Overview of capacities

  • retrieval of names from the taxonomy
  • listing of children and descendant taxa
  • fuzzy matching of names
  • taxonomic distance measurement based on Shimatani distance

How does it work?

Internally, the package relies on the files provided by NCBI to reconstruct the taxonomy – the README for what the files contain can be found here. Note that the files and their expected MD5 checksum are downloaded when the package is built, and the data are not extracted unless the checksum matches. The package will also check that the checksum on the server is different from the version on disk, to avoid downloading data for nothing.

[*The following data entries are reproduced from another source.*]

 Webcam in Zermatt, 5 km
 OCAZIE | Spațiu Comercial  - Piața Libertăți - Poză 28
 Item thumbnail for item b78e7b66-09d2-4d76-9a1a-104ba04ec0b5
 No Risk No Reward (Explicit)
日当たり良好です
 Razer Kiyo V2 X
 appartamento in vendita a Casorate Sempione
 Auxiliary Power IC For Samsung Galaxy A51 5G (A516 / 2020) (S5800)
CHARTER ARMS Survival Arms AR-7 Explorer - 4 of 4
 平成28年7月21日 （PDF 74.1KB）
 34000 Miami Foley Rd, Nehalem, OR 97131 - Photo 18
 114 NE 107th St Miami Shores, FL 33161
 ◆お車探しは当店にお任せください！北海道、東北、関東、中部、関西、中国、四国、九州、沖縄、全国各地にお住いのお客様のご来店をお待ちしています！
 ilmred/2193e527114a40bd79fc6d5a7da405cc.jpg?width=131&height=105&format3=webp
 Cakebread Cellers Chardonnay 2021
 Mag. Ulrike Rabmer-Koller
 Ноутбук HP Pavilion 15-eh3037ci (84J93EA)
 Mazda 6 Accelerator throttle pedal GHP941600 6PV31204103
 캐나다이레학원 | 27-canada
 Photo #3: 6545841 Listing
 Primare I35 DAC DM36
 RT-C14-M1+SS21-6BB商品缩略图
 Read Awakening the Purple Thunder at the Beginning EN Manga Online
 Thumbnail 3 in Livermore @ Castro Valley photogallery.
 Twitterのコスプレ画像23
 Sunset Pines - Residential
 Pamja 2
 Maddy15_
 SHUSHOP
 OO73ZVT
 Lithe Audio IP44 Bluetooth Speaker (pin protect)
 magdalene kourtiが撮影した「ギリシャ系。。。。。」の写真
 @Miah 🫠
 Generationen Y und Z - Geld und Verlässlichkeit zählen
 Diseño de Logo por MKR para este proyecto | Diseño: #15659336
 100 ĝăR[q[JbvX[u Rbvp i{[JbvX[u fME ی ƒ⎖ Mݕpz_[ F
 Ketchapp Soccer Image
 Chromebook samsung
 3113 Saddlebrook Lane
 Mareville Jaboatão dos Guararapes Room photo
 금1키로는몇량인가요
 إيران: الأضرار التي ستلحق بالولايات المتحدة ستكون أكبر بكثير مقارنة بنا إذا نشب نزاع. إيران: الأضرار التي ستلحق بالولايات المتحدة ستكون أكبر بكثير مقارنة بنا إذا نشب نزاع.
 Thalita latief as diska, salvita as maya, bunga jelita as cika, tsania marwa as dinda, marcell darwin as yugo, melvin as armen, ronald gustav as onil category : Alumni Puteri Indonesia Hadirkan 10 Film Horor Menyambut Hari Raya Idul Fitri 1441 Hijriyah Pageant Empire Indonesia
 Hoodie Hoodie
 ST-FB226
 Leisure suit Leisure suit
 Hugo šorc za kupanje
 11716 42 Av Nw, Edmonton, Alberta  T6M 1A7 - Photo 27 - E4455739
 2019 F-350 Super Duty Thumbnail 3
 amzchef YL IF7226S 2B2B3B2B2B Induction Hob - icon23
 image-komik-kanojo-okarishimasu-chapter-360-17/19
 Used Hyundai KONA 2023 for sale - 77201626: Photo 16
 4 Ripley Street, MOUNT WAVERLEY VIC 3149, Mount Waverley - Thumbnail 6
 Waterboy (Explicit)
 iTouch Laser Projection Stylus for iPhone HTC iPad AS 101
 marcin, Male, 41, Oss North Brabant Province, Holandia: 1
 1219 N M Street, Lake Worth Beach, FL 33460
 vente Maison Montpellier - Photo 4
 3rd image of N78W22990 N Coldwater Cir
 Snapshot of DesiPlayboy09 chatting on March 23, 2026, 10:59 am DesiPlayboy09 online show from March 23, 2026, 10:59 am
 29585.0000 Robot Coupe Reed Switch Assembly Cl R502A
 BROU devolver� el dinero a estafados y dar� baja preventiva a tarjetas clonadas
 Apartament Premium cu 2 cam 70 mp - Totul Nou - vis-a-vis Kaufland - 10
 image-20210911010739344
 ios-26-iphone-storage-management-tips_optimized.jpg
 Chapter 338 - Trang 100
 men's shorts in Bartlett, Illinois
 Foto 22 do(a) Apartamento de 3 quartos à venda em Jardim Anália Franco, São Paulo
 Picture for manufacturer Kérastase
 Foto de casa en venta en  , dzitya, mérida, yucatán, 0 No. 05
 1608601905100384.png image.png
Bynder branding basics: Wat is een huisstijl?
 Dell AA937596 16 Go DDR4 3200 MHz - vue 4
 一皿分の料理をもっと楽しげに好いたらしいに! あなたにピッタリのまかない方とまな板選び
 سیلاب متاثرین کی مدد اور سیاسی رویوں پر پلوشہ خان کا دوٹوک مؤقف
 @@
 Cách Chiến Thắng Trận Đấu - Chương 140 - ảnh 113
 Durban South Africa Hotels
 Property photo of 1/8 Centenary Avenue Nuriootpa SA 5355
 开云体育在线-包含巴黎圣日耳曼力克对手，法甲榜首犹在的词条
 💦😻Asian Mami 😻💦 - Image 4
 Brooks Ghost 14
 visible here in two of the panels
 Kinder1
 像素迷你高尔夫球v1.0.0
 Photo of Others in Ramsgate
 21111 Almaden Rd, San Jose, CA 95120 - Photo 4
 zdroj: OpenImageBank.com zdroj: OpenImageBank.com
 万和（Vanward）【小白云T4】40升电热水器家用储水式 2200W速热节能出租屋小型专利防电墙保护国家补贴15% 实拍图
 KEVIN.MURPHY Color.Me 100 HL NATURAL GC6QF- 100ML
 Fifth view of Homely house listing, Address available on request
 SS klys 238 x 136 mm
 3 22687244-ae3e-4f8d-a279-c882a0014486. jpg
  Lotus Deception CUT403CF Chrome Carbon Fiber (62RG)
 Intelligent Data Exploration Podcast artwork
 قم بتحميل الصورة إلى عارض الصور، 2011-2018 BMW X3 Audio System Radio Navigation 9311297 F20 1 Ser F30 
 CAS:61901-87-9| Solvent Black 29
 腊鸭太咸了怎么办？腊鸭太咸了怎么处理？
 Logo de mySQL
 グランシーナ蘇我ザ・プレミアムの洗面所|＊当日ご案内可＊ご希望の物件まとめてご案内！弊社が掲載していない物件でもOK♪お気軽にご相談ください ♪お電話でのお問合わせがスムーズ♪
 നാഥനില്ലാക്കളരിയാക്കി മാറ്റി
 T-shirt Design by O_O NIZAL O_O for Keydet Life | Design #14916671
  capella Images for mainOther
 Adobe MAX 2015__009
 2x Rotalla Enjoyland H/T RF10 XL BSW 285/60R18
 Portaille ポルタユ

Data are saved as arrow tables when the package is built, and these are loaded when the package is loaded with import or using, as DataFrames. These data frames are not exported, but they are used by the various function of the package. Note also that a number of fields are removed, and some tables are pre-merged - not at build time (so there is no information loss, and you are welcome to dig into the full data frame by reloading the arrow file), but at load time.

Please note that the taxonomy dump is a big download. If the NCBITAXONOMY_PATH is not set, it will be stored in the package folder under the .julia directory, which is a bad idea. We strongly recommend editing your configuration file.

The package will check that the local version of the taxonomy file is sufficiently recent (no older than about 30 days), and if this is not the case, will prompt the user to update to a more recent version.